Well. Leaky children with leaky brains, who’d have thought it? My post on why we need long summer holidays refers. The study was done by Carol Vorderman’s Maths Factor, presumably to bolster support for her (pretty good) product.
We are just back from a week in northern Italy and I have been amazed at the interaction and delight that children of all nationalities encountered (German, Dutch, Italian, principally) have had with their parents. The level of engagement between many of the parents and children was wonderful – whole families carting mountain bikes up cable cars so that the 5-year-olds could take part. None of these families were from the UK. The ones I saw from the UK were (with one notable exception) playing video games and being told to shush – the fact that they were making the noise they did was testimony to how little attention had been paid to them of any quality. I know – a biased sample, from restricted statistical population, only four countries, only parents who could afford to go on holiday, etc., etc.
But still – these children were on holiday and being purposeful with it in play and exploration. None of them struck me as needing a tutor – they had parents.
Tutoring as a subject needs more comment here – there is a good case for it supporting what we do as a school, and it keeps us humble. However, my suspicion is that tutoring is feeding the anxieties of competitive parents rather than a sudden child-led frenzy for more maths in August.

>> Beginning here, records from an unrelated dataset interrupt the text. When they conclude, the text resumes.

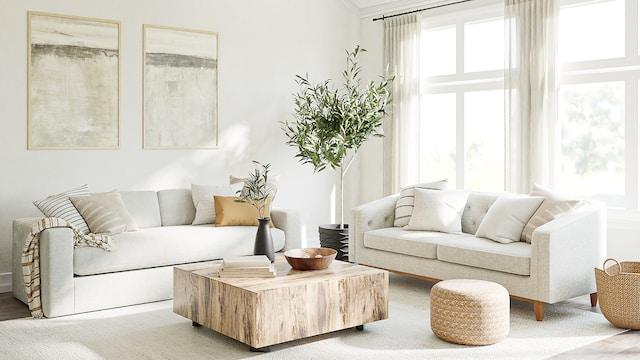 color scheme ideas for white sofa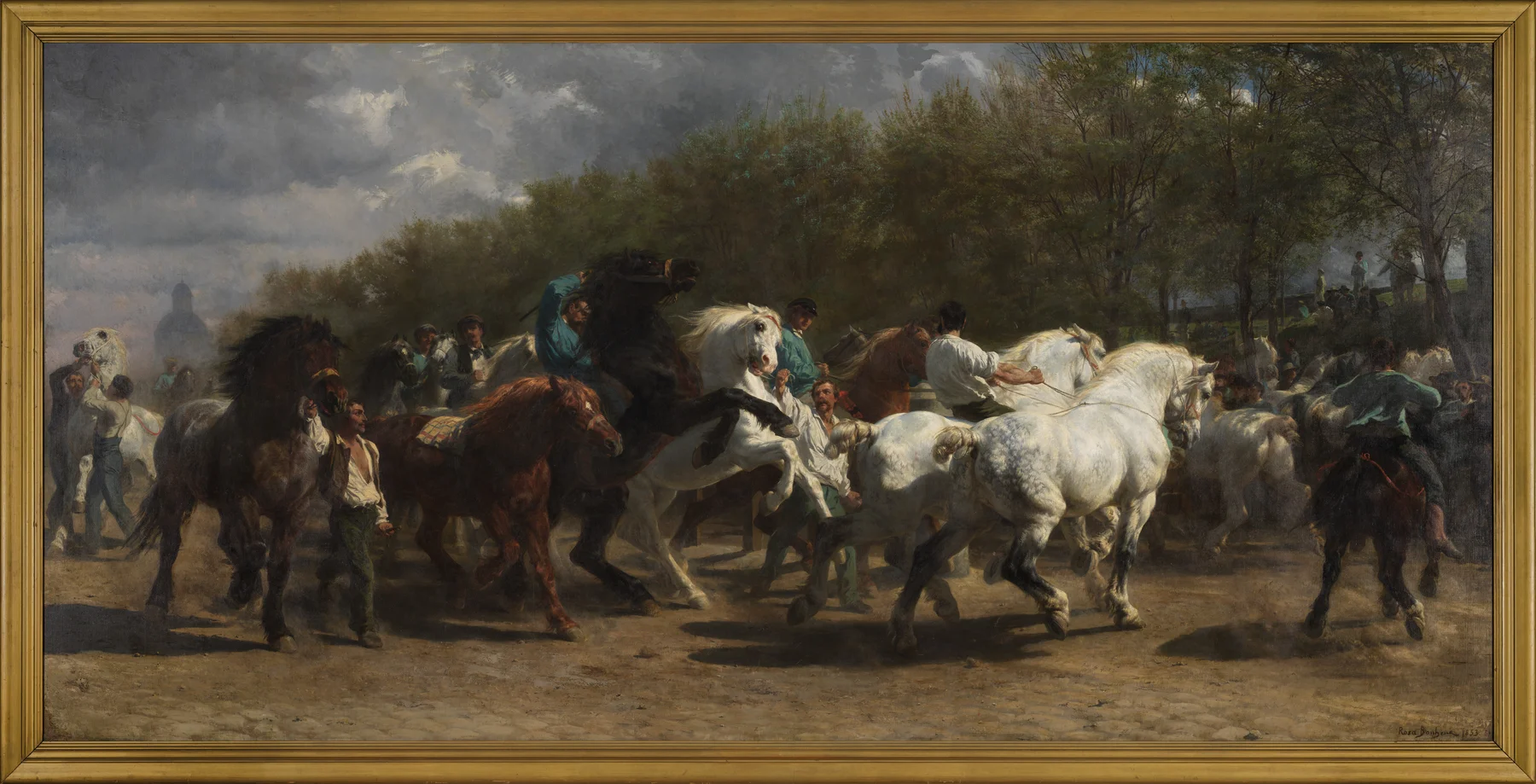 Lóvásár — Rosa Bonheur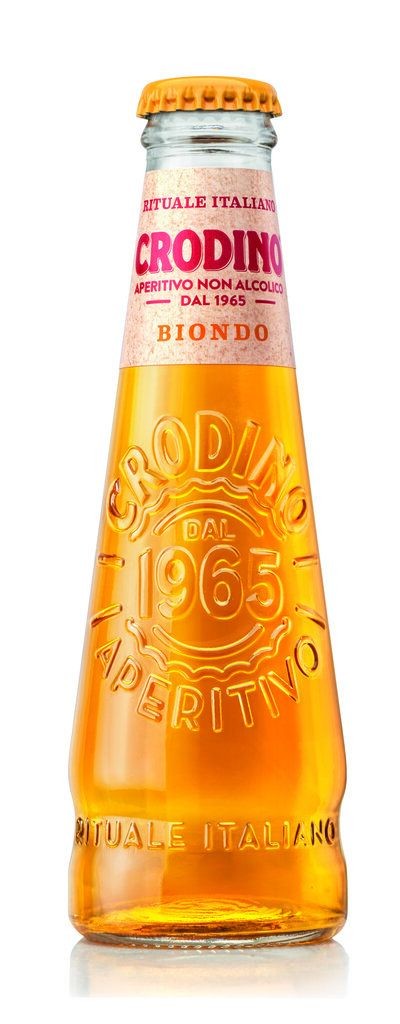 Crodino Biondo 24x17.5cl 0% aperitief zonder alcohol
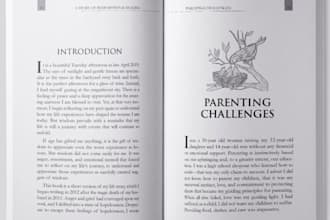 format, edit, design layout, typeset, and create your book for print and kindle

Addendum to this: there is a letter from the Association for the Teachers of Mathematics (ATM – but not the one that produces money) published in the Guardian today saying that they have serious reservations about the new Programmes of Study, particularly that they put too much emphasis on practice and not enough on mathematical thinking. I agree, and feel it may endanger the particular deeper level of understanding of mathematical processes that children in the UK have over their Far Eastern counterparts; though I must also say that I welcome the greater degree of challenge in the new programmes of study for our teachers to grasp a higher quality of the subject for themselves.